Il n’en reste pas moins que Tarik Saleh possède un regard aussi nuancé qu’acéré sur la religion. Bien que le réalisateur affirme en entretien que son film « n’est pas une critique de l’Islam », son animosité à l’égard des hautes instances religieuses est palpable. En Égypte, le grand Imam possède un pouvoir d’influence majeur sur la population, ce qui explique le désir nocif des politiciens de se mêler de son élection. À l’exception de leurs forces répressives, le gouvernement et le président égyptien sont physiquement absents du cadre, ce dernier se révélant uniquement sur des affiches placardées aux quatre coins de la ville. La représentation qui en est faite, ainsi que sa glorification par la Sureté de l’État, font de lui un Dieu, une toute-puissance politique et religieuse. Cette idée est habilement suggérée par l’attitude complotiste des généraux, qui, s’ils le pouvaient, le gratifieraient sans hésiter de la double casquette de chef de l’État et de grand Imam. De l’autre côté de la rue, dans l’université d’Al-Azhar, le Cheikh Durani, proche d’étudiants radicaux qui vivent à contre-courant des préceptes du Coran, incarne à lui seul les failles de la religion. Quelques esprits plus nuancés font résistance, notamment le Cheikh Beblawi, qui sera finalement élu grand Imam et qui paraît moins odieux que son comparse, même si ses ambitions politiques le détournent de toute spiritualité. C’est cependant chez le troisième prétendant au poste tant convoité, le Cheikh Negm, que s’affirme la foi religieuse, et c’est pour ces raisons qu’il est le premier à être “éloigné” de l’université par la Sureté de l’État, autrement dit, mis en prison. Trois figures types qui décrivent trois conceptions radicalement différentes de l’Islam : dans un film qui prétend ne pas émettre de critiques envers la religion musulmane, on peut s’interroger sur le point de vue que cherche à adopter le metteur en scène qui se dit soucieux de porter un regard bienveillant. 

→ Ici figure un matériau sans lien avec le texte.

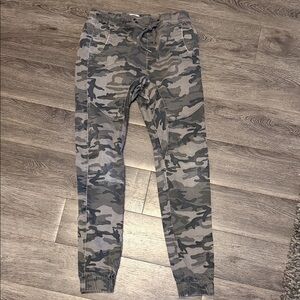 Kuwalla tee Camouflage Jogger Pants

Cette question trouve sa réponse dans une idée salvatrice de Tarik Saleh, celle de mettre en avant la prière orale, à mi-chemin entre la parole sacrée et le chant. En ménageant ce retour à l’origine d’une communication directe avec Dieu, Saleh nous renvoie à la spiritualité des croyants et rend hommage à l’émotion poétique. Faisant fi des manipulations politiques, ces quelques instants suspendus deviennent alors les seules traces d’une part de vérité complètement absente du reste du film. C’est sans surprise que La Conspiration du Caire s’achève là où il a commencé. Adam et son père pêchent du poisson et retrouvent ainsi la matérialité la plus pure du monde.

La Conspiration du Caire, un film de Tarik Saleh avec Tawfeek Barhom, Fares Fares et Ramzi Choukair, en salles le 26 octobre.